The trial of former Liberian President Charles Taylor had the hallmarks of a Kafkan trial. I will quote the words of the Senegalese Judge, Justice El Hadji Malick Sow who sat on the bench during Taylor’s trial: “I disagree with the findings and conclusions of the other judges, because for me under any mode of liability, under any accepted standard of proof, the guilt of the accused from the evidence provided in this trial is not proved beyond reasonable doubt by the prosecution. And my only worry is that the whole system is not consistent with all the values of international criminal justice, and I am afraid the whole system is under grave danger of just losing all credibility, and I am afraid this whole thing is headed for failure.”
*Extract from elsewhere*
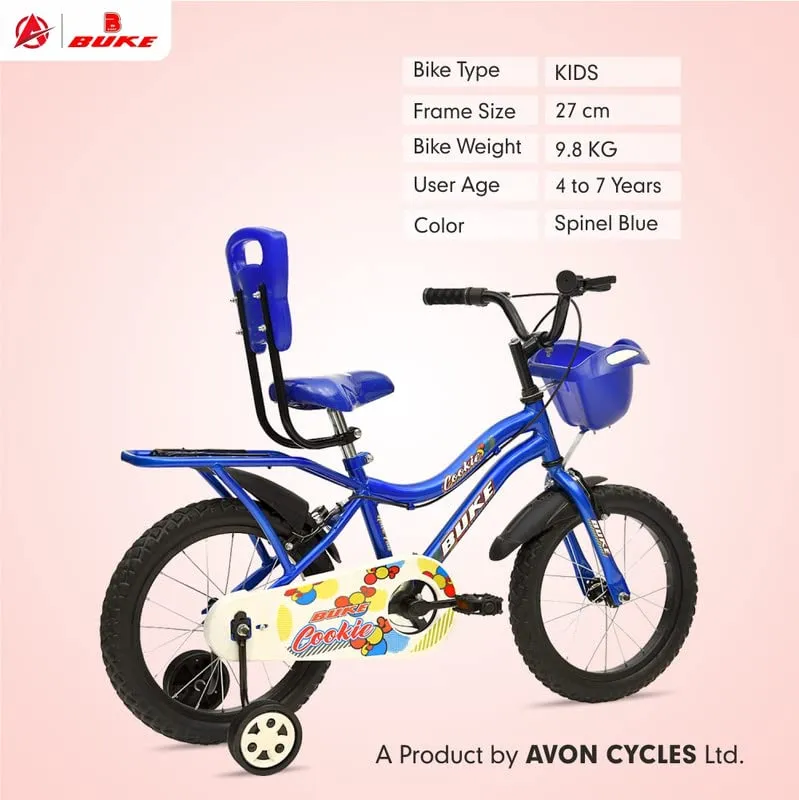 Avon Buke Cookie 16T Kids Bicycles for Girls | Frame Size:10.5 | Wheel Size:16â€ inch | Rigid Fork and Caliper Brake Ideal for Girls Between 4-6 Yrs (Glossy Spinel Blue)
 As soon as Judge Sow started reading his dissenting opinion, the other Judges walked out of the room and the court technician turned off his microphone and brought-down the curtains of the public Gallery. If this is how the court treats a dissenting judge what of a marked accused? Compare this with the DRC where close to four million people died in the most savage conflict since the Second World War. None of the leaders of the surrounding countries who supported different factions and even had their troops in the DRC were indicted. The reason is quite simple, they were and remain poster boys of what can be achieved if you work with the West and the US specifically. 

The composition, conduct and procedures of this court stand in stark contrast to the values of our constitution. Its either we keep our constitution or leave this court or stay with this court and change our constitution. We can’t have it both ways.